The military has already begun a campaign of fear about the polls. Last week, the army and police began a familiar campaign to beat up and warn Burmese trying to organise a "Vote No" campaign. The main opposition leader remains locked up and barred from political activity. In case of doubt, Nobel Peace Prize winner Aung San Suu Kyi is also banned from speaking because she once was married to a foreigner. In fact, the military regime has been conducting constant warnings against speaking with foreigners. It also has warned all embassies in Rangoon against what it calls political involvement.
In Burma, speaking with an opposition member is proof in the generals' eyes of "abetting some local political parties to destabilise the country". Many countries ask outsiders to observe their elections as a sort of seal of approval of honesty. The Burmese rudely rejected UN offers of help to organise the referendum.
Last week, the junta ruled there would be no poll observers at all, except for soldiers, of course.

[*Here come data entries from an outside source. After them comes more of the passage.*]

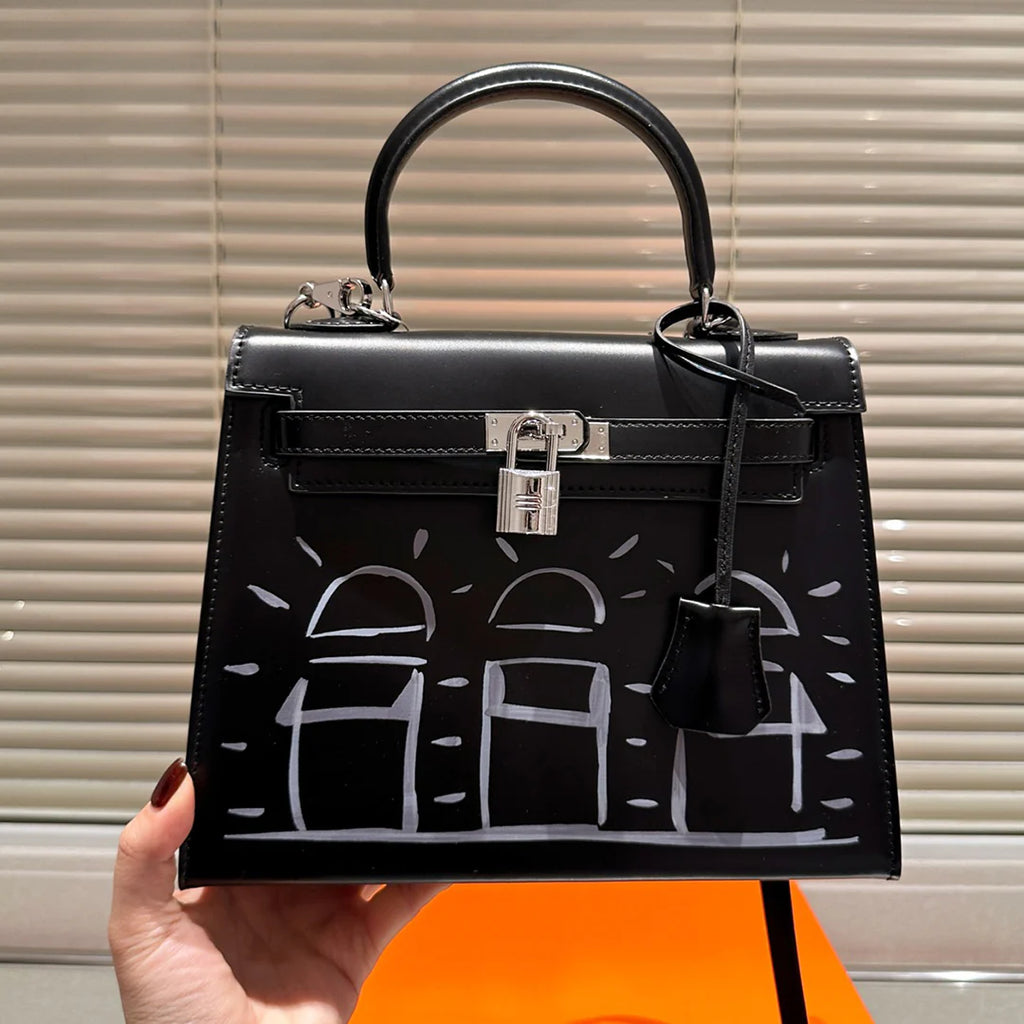 Fashion and versatile graffiti Kelly bag 1024041012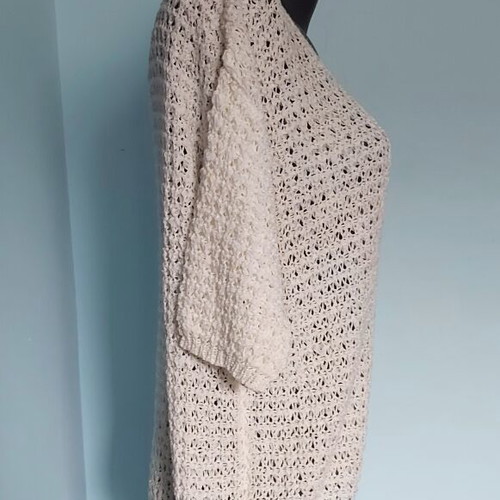 H&M women's loose knit tunic, white, oversized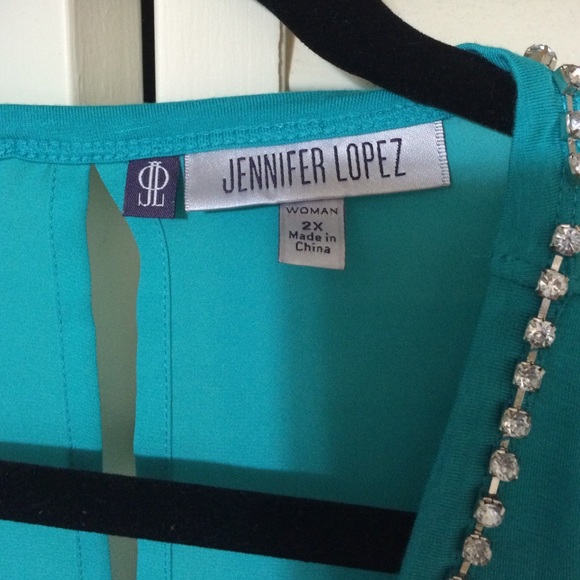 Jennifer Lopez 2X teal tank NWOT - Picture 2 of 4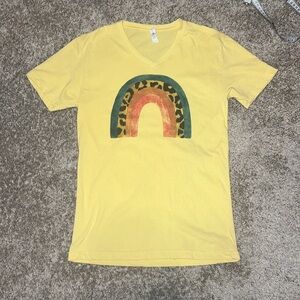 Rainbow Brush Graphic V-Neck Tee Size Small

The opposition National League for Democracy, minus the voice of its leader Daw Suu Kyi, asked for poll observers, preferably foreign. Without the natural checks and balances of outside observers, the NLD noted, the referendum could not be fair. Anyone suggesting that soldiers could not count the votes honestly clearly was trying to undermine the Burmese military's plan to move towards democracy.
Next month, the military will cite the referendum as a full mandate to hold power in Burma. A parliament is due to be selected in 2010, at an election as free and fair as the one scheduled for May 10. In Burma, the policy continues to be: no steps forward and two steps back. While citizens are asked to participate in a sham election, they also suffer from the worse-run economy in the region, without hope of prosperity. The generals have effectively encouraged a million Burmese to flee to Thailand and work for a pittance. Burma has become a country almost without hope.